Solve this (hint: $x-2$ is a factor of the LHS). Then combine the two solutions.

Quote:

Originally Posted by alexmahone

$-2<(x-2)(x^2+1)<0$

$x^2+1$ is positive

Dividing throughout by $x^2+1$ ,

$-2<(x-2)<0$

$-2$ divided by $x^2+1$ is not $-2.$ (Shake)
July 1st 2009, 06:06 AM
alexmahone

-deleted-
July 1st 2009, 06:09 AM
alexmahone

Quote:

Originally Posted by TheAbstractionist

$-2$ divided by $x^2+1$ is not $-2.$ (Shake)

I'm aware of the fact; nevertheless dividing by a positive term does not change the inequality. My solution is correct.
July 1st 2009, 06:11 AM
TheAbstractionist

I mean if you divide

$-2<(x-2)(x^2+1)<0$

by $x^2+1$ you should get

$\frac{-2}{x^2+1}<x-2<0$

not $-2<x-2<0.$

In any case, $x=1$ is not a solution.
July 1st 2009, 06:21 AM
mark1950

Hmm...alex, the answer given is 0<x<1 or 1<x<2. Why is it so?
July 1st 2009, 06:30 AM
alexmahone

Quote:

Originally Posted by mark1950

Hmm...alex, the answer given is 0<x<1 or 1<x<2. Why is it so?
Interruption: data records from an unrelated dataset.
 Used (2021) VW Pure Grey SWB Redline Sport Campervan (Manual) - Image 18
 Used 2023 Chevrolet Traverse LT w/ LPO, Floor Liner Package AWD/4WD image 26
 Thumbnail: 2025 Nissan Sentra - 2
That's because x=1 is NOT a solution.
July 1st 2009, 06:31 AM
pfarnall

Quote:

Originally Posted by alexmahone

I'm aware of the fact; nevertheless dividing by a positive term does not change the inequality. My solution is correct.
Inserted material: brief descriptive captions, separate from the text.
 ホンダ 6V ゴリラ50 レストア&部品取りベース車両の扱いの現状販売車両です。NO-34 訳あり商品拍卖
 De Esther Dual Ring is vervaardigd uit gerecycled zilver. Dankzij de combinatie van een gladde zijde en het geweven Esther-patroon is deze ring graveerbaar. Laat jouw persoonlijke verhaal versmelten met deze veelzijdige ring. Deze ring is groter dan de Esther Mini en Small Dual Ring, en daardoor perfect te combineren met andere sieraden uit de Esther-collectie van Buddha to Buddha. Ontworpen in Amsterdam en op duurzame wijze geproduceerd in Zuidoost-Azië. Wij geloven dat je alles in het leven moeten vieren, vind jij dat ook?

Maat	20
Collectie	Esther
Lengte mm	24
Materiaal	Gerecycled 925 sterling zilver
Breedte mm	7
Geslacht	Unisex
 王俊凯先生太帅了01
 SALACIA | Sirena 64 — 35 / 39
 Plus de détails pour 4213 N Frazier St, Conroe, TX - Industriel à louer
Think about this example and you'll see you're in error:
$0<2x<1$
We can all agree that 2 is positive so by your working:
$0<x<1$
Clearly this is not true and you must divide all parts of the inequality by 2 not just the middle term.
July 1st 2009, 06:33 AM
alexmahone

Quote:

Originally Posted by pfarnall

Think about this example and you'll see you're in error:
$0<2x<1$
We can all agree that 2 is positive so by your working:
$0<x<1$
Clearly this is not true and you must divide all parts of the inequality by 2 not just the middle term.

Fair enough. Sorry.